■ **Work to be completed**: Starting with the first line of the data below, copy each line up to and including the one containing "Now, because Hexify". Pictures stay out.

(Dataset excerpt begins)

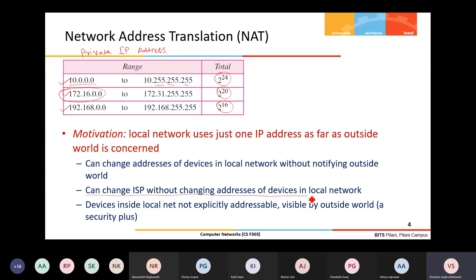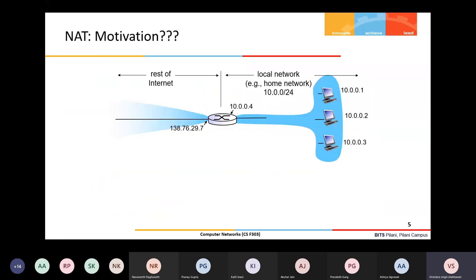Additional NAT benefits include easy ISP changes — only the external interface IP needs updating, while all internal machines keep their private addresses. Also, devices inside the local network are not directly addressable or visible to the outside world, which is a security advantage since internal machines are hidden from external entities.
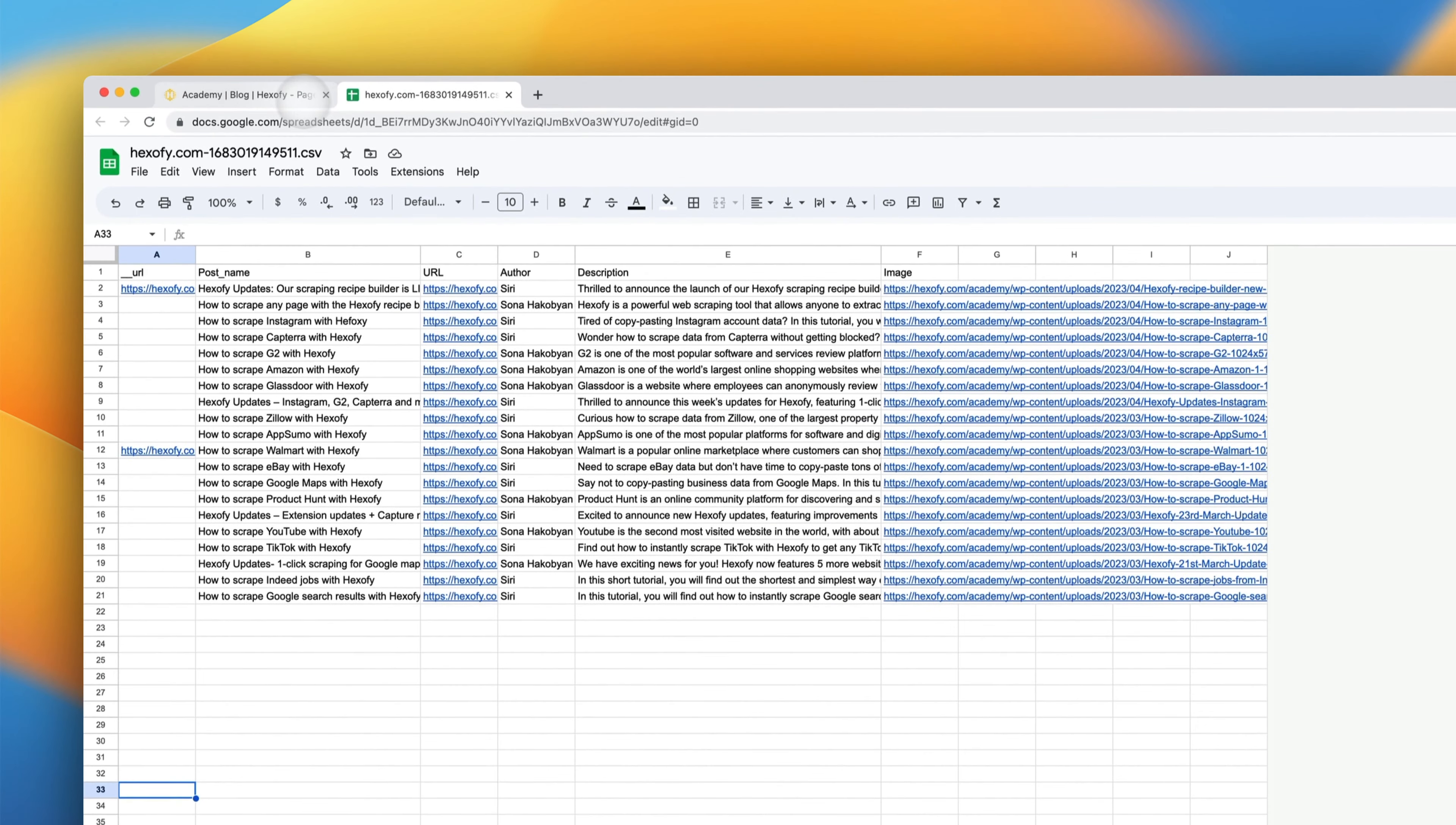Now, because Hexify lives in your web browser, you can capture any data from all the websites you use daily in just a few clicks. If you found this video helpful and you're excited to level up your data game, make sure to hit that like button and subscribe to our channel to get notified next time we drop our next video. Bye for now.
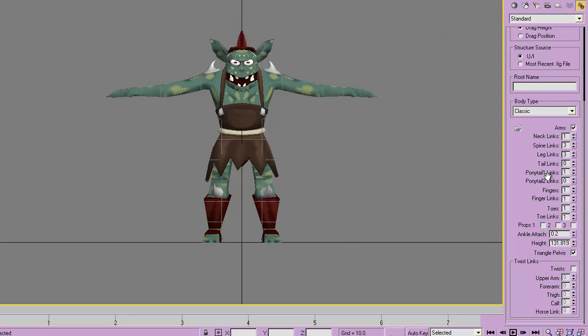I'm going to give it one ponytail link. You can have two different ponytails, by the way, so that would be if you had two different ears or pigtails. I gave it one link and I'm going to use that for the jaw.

(Dataset excerpt ends)

■ **Task result**:
Additional NAT benefits include easy ISP changes — only the external interface IP needs updating, while all internal machines keep their private addresses. Also, devices inside the local network are not directly addressable or visible to the outside world, which is a security advantage since internal machines are hidden from external entities.
Now, because Hexify lives in your web browser, you can capture any data from all the websites you use daily in just a few clicks. If you found this video helpful and you're excited to level up your data game, make sure to hit that like button and subscribe to our channel to get notified next time we drop our next video. Bye for now.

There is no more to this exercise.